This article recaps the key points, edited for clarity and length.
Why zero-base portfolio prioritization?
Zero-based prioritization puts all initiatives — projects, programs, products or services — on hold and brings spending conceptually down to zero. This creates a fundamental change in mindset. Executives no longer need to justify why they’re stopping an activity. Instead, with the portfolio now empty, they must justify why an activity should be allowed back into the portfolio.
Zero-based prioritization requires a heavy commitment of management time and attention, so use it as a one-off opportunity to reset your portfolio. Continue to use more traditional, continuous-planning practices to fine-tune your portfolio each year.
Five steps to successfully zero-base portfolio prioritization
Using zero-basing for portfolio prioritization is effective, but not necessarily pain-free. It requires an extra effort from PPM leaders to provide the requested information, as well as time and attention from decision makers to review the proposals. It is important to help stakeholders to understand what the ultimate goals are and how progress will be tracked and measured.
Gartner recommends that PPM leaders take five key steps when zero-basing portfolio prioritization.
No. 1: Identify the correct stakeholders and sponsors
This ensures that the portfolio links explicitly to business priorities. Communicate from the start why you’re taking this approach and the expected outcomes.
Identify senior or executive business leaders who will sponsor this as a top-down business initiative and make sure stakeholders understand the challenges you face with the budget. You’ll gain little buy-in for an extensive review of the portfolio if key decision makers feel there are many obvious places to cut costs and reprioritize activities. Ensure that key decision makers understand that the demand pipeline is still driving more requirements into an already full portfolio.

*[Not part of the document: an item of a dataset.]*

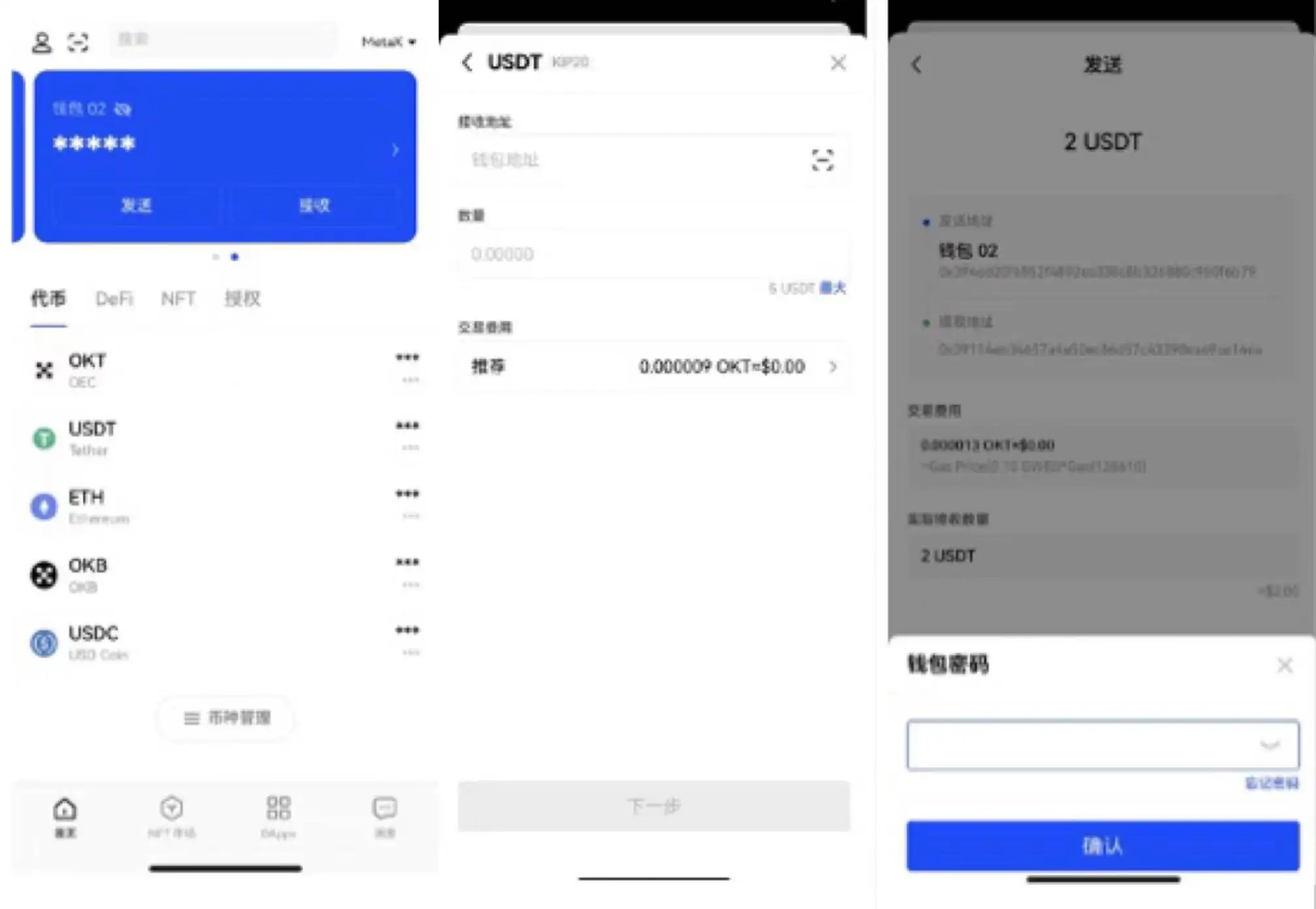 usdt挖矿app下载、usdt 挖矿 生态 骗局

Read more: Fuel Digital Business With Product Management
No. 2: Use a framework for prioritizing initiatives
Before analyzing a portfolio, you’ll need a framework that enables you to compare all new and existing projects in a similar way to assess their priority and business value. For example, segment projects into one of these categories:
- Mandatory. These projects must be done. Typically, they comply with regulatory requirements or resolve an issue that would otherwise lead to significant loss of sales, delays in invoicing or delays in financial reporting.
- Transformation. These projects build the future core competitive advantage of the organization. They must link explicitly with the organization’s strategy and focus on creating new markets or business models.
- Core differentiation. These projects build the capabilities that enable the organization to stand out in the market. Ensure that there’s a clear understanding from decision makers of what belongs in this category.
- Growth. These projects focus on growing the business within the current business models.
- Improvement. These projects seek to deliver operational or capital efficiency. They also include projects that provide maintenance or basic improvements.